Les Pères de l’Église ont présenté la mort de Marie comme une « dormition ». Elle s’est endormie dans la mort mais a été aussitôt élevée au ciel pour participer la première à la gloire et au bonheur de son Fils. C’est en Orient surtout que l’assomption de Marie a été honorée. Jean de Damas au 7e s. dans une prédication, faisait parler Marie au moment de sa mort au milieu d’une nombreuse assistance. Voici ce qu’il lui faisait dire :

« Mon fils, je remets mon esprit entre tes mains.
Reçois cette âme que tu aimes et que tu as su conserver toute pure.
C’est à toi et non à la terre que je confie mon corps.
Préserve-le, lui aussi, puisque tu as daigné y demeurer
et que tu l’as gardé vierge en naissant de lui.
Emporte-moi donc avec toi, ô fruit de mes entrailles,
pour que, là où tu seras, je sois, moi aussi, avec toi.
Le temps me dure d’être auprès de toi,
qui as vaincu la distance pour venir au-devant de moi.

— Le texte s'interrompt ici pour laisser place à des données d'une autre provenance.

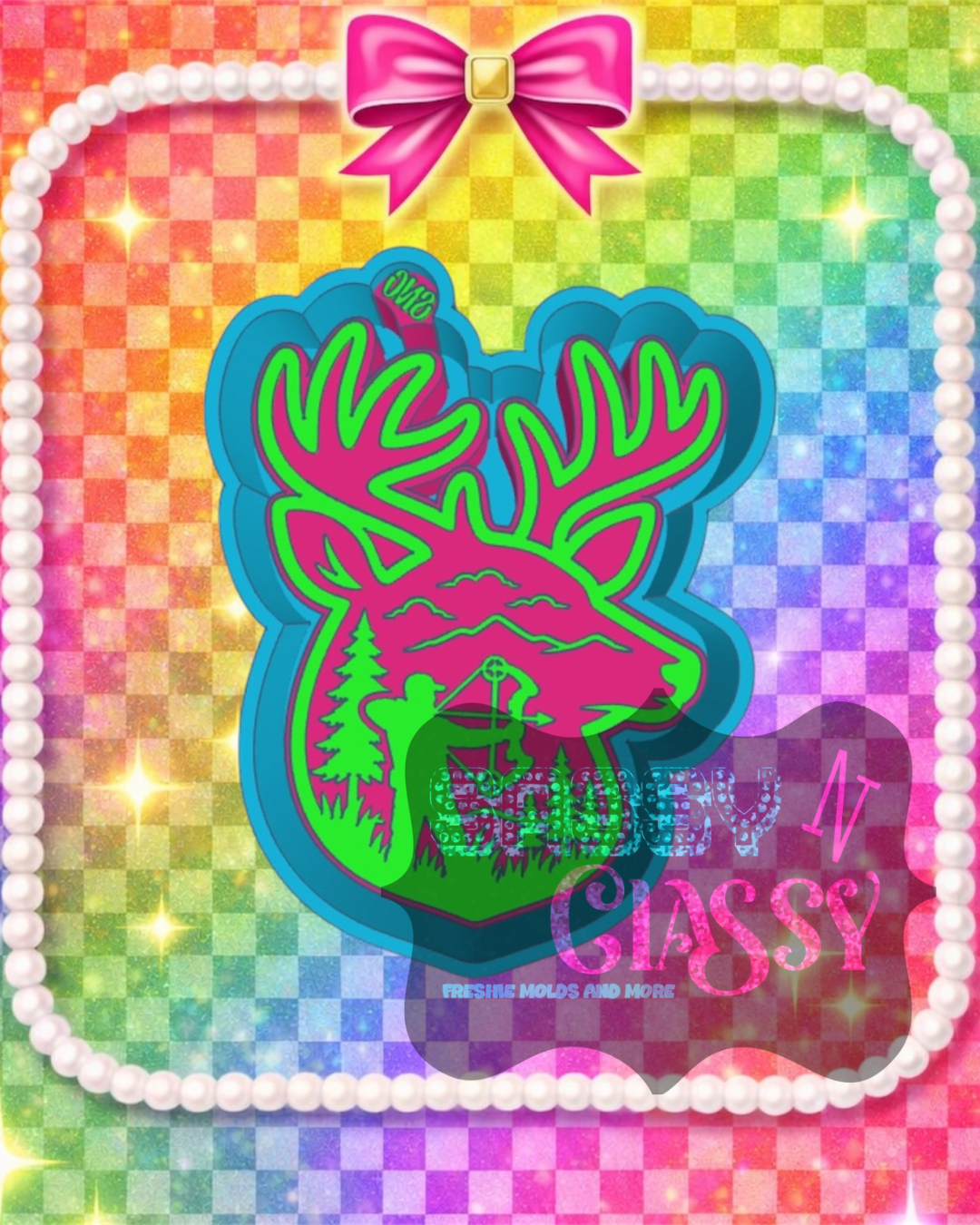 Deer Hunter Freshie Mold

Quant à mes enfants bien-aimés, que tu as voulu nommer tes frères,
console-les après mon départ ;
pendant que je vais leur imposer les mains, donne-leur ta bénédiction. »
Et, levant les mains, on peut croire qu’elle bénit les assistants réunis.
Après ces mots, elle entendit à son tour une voix :
« Viens ma mère bénie, dans mon repos ».
Ces paroles entendues, la Sainte remet son esprit entre les mains de son Fils.
C’est alors que l’arche du Seigneur,
ayant quitté la montagne de Sion,
portée sur les épaules glorieuses des Apôtres,
est transférée dans le temple céleste par l’intermédiaire du tombeau.